Он до сих пор не совсем понимает, зачем тогда разрешил Калебу подняться в квартиру. Впрочем, если быть до конца честным, он чувствует, что удар Калеба был неминуем, что после этого ему в какой-то мере даже стало легче: он ждал какого-то наказания за свою самоуверенность, за то, что думал, будто ему дозволено то же, что и другим, и вот – наконец – он наказан. Так тебе и надо, повторял голос у него в голове. Так тебе и надо за то, что строил из себя невесть что, за то, что считал себя не хуже других. Он вспоминает, как Джей-Би боялся Джексона, и ему понятен этот страх, понятно, как один человек может полностью оказаться во власти другого и как то, что кажется плевым делом – встать и уйти от них, – может быть непосильной задачей. К Калебу он чувствует то же, что когда-то чувствовал к брату Луке: он поспешил ему довериться, он возлагал на него столько надежд, он думал, что тот его спасет. Но даже когда стало понятно – нет, они его не спасут, даже когда все надежды рухнули, он не сумел от них освободиться, не сумел уйти. И в том, что он прибился к Калебу, есть даже своего рода симметрия: они с ним как боль и больной, накренившаяся куча мусора и обнюхивающий ее шакал. Они существуют только друг для друга – он не знал никого в жизни Калеба и ни с кем из своей жизни его не знакомил. Они оба знали, что делают что-то стыдное. Они оба связаны взаимным отвращением и неловкостью: Калеб терпит его тело, а он терпит омерзение Калеба.
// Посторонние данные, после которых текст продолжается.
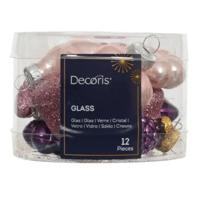 Figuur glas L2b4h4 cm roze 12 st Decoris - Decoris - thumbnail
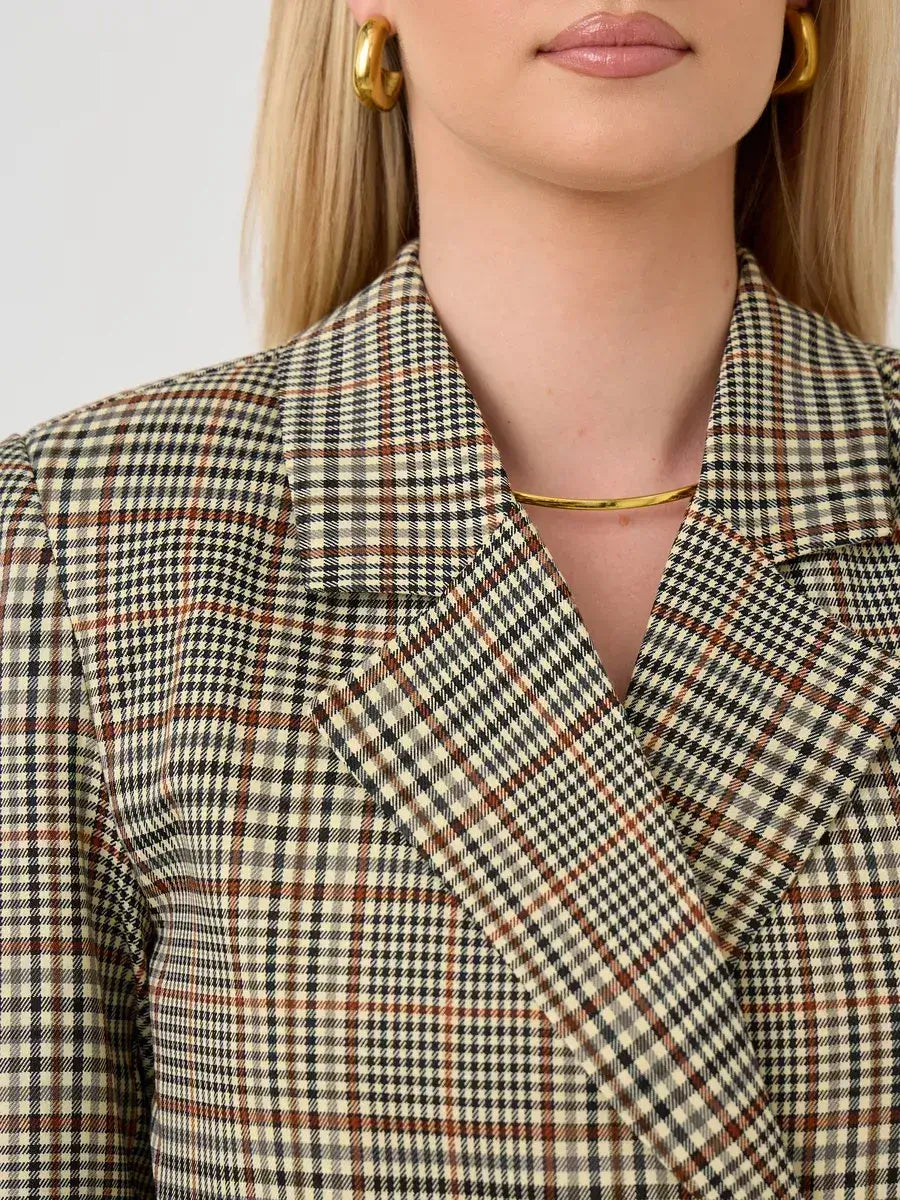 Maple Blazer by Lauven, elegant oversized brown checked women's blazer with V-neckline detail.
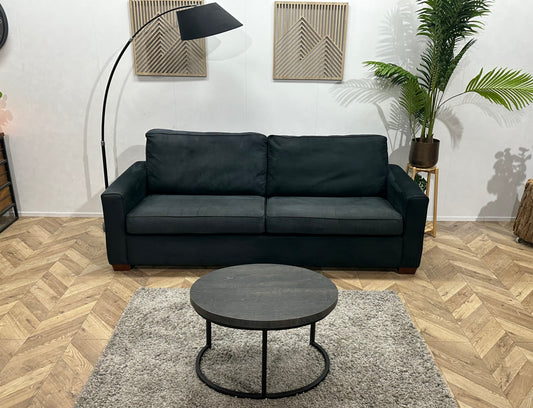 Zwarte Velvet 2.5-Zits Bank ~ Losse Kussens Met Afneembare Hoezen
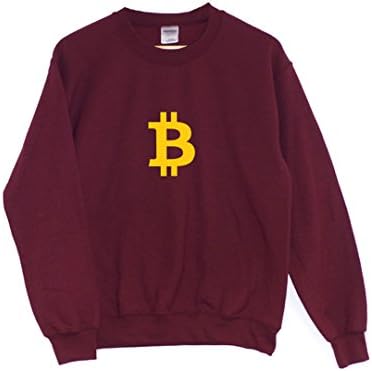 ChilledWorld Bitcoin | Sweatshirt - Cryptocurrency Mining Coin, Maroon, Small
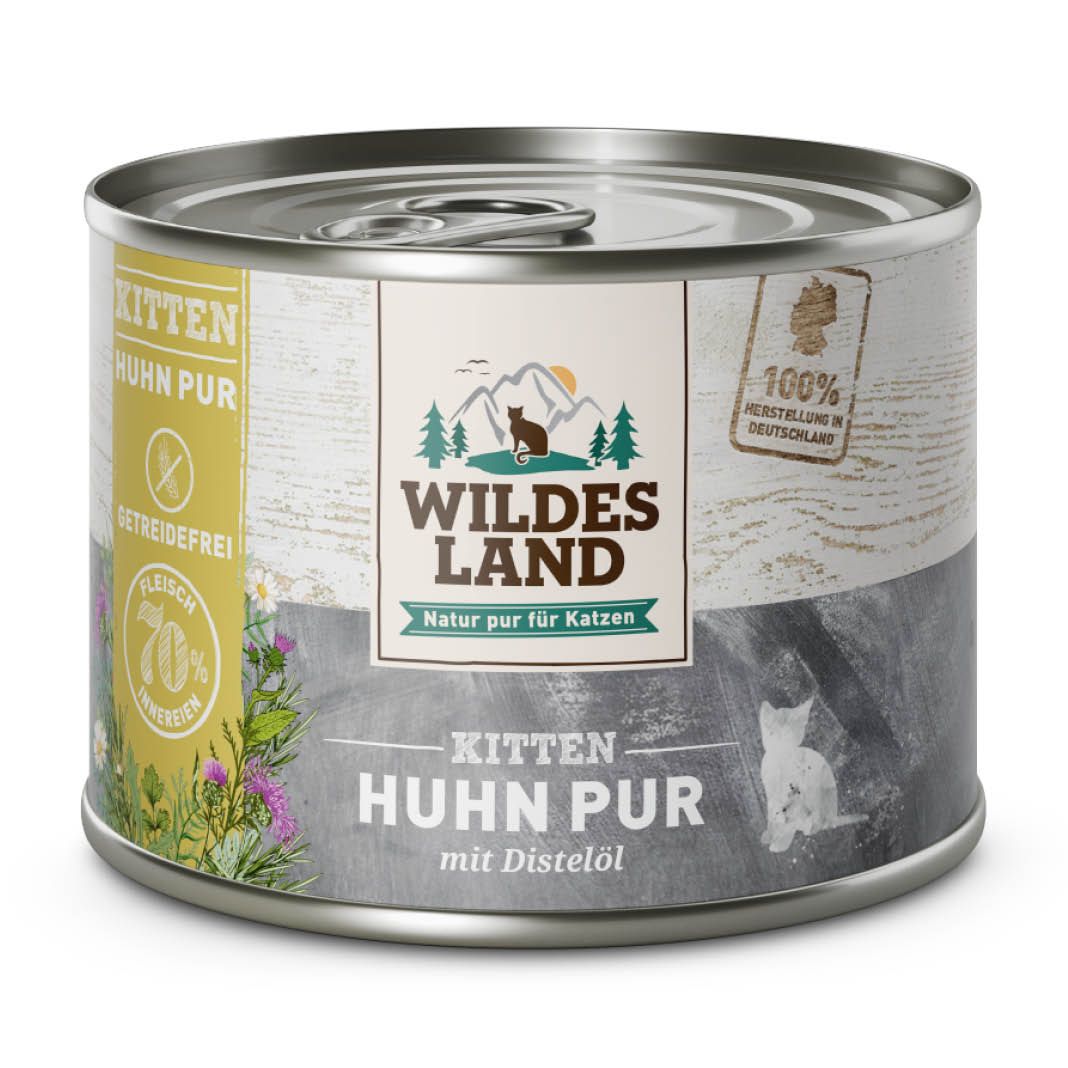 Wildes Land Cat - PUR Kitten - Huhn mit Distelöl | 6 x 200 g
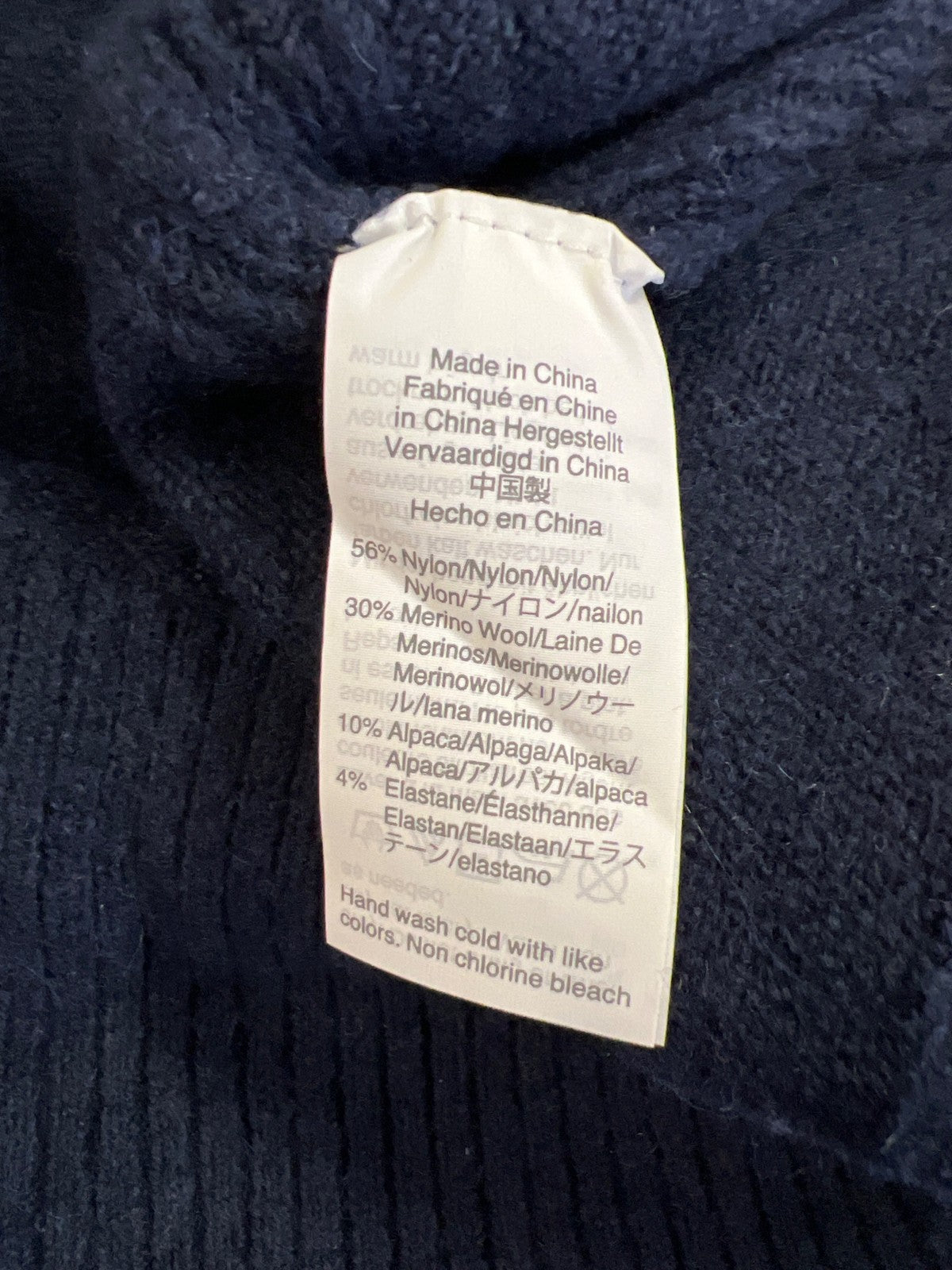 J.Crew Women’s Navy Blue Long Sleeve Wool V-Neck Pullover Sweater - XS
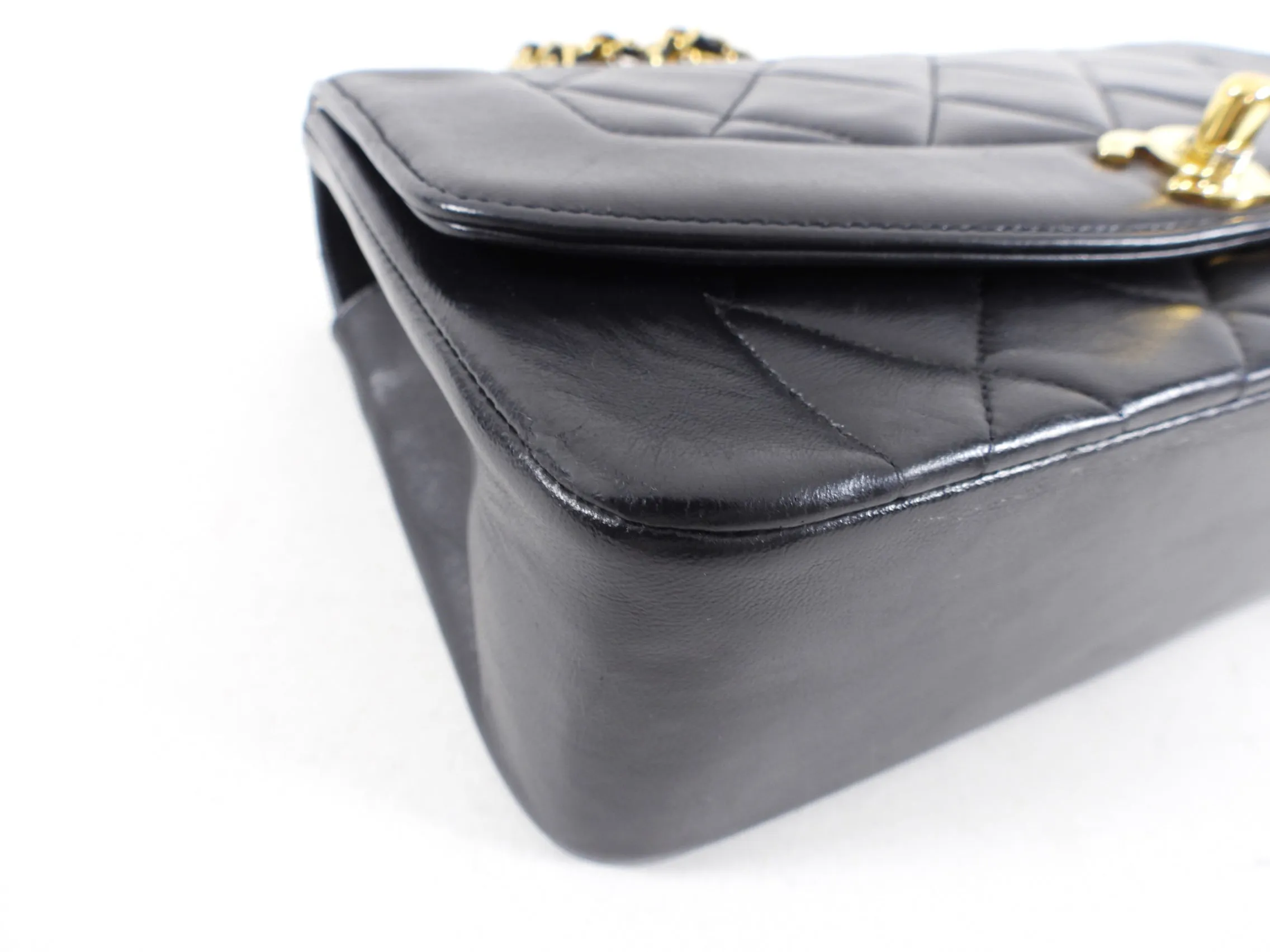 Chanel Vintage 1991 Small Black Leather Quilted Diana Flap Bag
Он всегда знал: захоти он найти себе пару – придется чем-то поступиться. Он знает, что Калеб – лучшее, на что он может рассчитывать. По крайней мере, Калеб хотя бы не урод, хотя бы не садист. Он не делает с ним ничего такого, чего с ним не делали раньше, – об этом он напоминает себе снова и снова.